* **ASSIGNMENT**:
Repeat exactly the lines from the line containing "BORUTO SHOCKED 🥶🔥" through the last line of the records below, inclusive, and nothing else.

Short web captions
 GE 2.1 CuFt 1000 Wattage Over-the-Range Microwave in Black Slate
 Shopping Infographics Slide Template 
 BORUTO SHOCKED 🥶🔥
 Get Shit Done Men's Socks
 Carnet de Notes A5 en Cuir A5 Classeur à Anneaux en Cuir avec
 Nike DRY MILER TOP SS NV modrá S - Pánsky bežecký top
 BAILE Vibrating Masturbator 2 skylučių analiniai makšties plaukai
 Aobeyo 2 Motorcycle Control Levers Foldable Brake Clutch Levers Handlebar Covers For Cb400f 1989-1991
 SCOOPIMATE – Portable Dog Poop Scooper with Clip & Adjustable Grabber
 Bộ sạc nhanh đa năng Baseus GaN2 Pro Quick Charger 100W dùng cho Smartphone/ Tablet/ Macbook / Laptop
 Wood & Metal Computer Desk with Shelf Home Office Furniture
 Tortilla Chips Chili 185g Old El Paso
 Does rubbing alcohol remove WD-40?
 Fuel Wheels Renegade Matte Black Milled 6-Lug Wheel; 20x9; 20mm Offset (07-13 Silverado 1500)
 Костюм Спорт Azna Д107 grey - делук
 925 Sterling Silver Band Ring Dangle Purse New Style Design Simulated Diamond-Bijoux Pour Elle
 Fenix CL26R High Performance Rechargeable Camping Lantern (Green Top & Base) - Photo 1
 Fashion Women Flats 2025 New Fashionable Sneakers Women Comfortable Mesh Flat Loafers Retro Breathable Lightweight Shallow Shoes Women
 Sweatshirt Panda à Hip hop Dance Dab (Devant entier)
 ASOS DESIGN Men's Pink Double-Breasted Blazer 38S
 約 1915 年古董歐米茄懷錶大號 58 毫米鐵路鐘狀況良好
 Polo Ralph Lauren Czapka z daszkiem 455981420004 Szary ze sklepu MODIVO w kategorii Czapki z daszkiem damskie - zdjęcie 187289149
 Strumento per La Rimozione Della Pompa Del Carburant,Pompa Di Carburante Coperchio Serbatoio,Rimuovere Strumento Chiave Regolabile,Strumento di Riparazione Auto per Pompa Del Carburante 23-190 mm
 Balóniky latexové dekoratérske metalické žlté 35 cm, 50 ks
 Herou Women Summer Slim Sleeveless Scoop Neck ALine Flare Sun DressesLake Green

* **EXERCISE OUTPUT**:
 BORUTO SHOCKED 🥶🔥
 Get Shit Done Men's Socks
 Carnet de Notes A5 en Cuir A5 Classeur à Anneaux en Cuir avec
 Nike DRY MILER TOP SS NV modrá S - Pánsky bežecký top
 BAILE Vibrating Masturbator 2 skylučių analiniai makšties plaukai
 Aobeyo 2 Motorcycle Control Levers Foldable Brake Clutch Levers Handlebar Covers For Cb400f 1989-1991
 SCOOPIMATE – Portable Dog Poop Scooper with Clip & Adjustable Grabber
 Bộ sạc nhanh đa năng Baseus GaN2 Pro Quick Charger 100W dùng cho Smartphone/ Tablet/ Macbook / Laptop
 Wood & Metal Computer Desk with Shelf Home Office Furniture
 Tortilla Chips Chili 185g Old El Paso
 Does rubbing alcohol remove WD-40?
 Fuel Wheels Renegade Matte Black Milled 6-Lug Wheel; 20x9; 20mm Offset (07-13 Silverado 1500)
 Костюм Спорт Azna Д107 grey - делук
 925 Sterling Silver Band Ring Dangle Purse New Style Design Simulated Diamond-Bijoux Pour Elle
 Fenix CL26R High Performance Rechargeable Camping Lantern (Green Top & Base) - Photo 1
 Fashion Women Flats 2025 New Fashionable Sneakers Women Comfortable Mesh Flat Loafers Retro Breathable Lightweight Shallow Shoes Women
 Sweatshirt Panda à Hip hop Dance Dab (Devant entier)
 ASOS DESIGN Men's Pink Double-Breasted Blazer 38S
 約 1915 年古董歐米茄懷錶大號 58 毫米鐵路鐘狀況良好
 Polo Ralph Lauren Czapka z daszkiem 455981420004 Szary ze sklepu MODIVO w kategorii Czapki z daszkiem damskie - zdjęcie 187289149
 Strumento per La Rimozione Della Pompa Del Carburant,Pompa Di Carburante Coperchio Serbatoio,Rimuovere Strumento Chiave Regolabile,Strumento di Riparazione Auto per Pompa Del Carburante 23-190 mm
 Balóniky latexové dekoratérske metalické žlté 35 cm, 50 ks
 Herou Women Summer Slim Sleeveless Scoop Neck ALine Flare Sun DressesLake Green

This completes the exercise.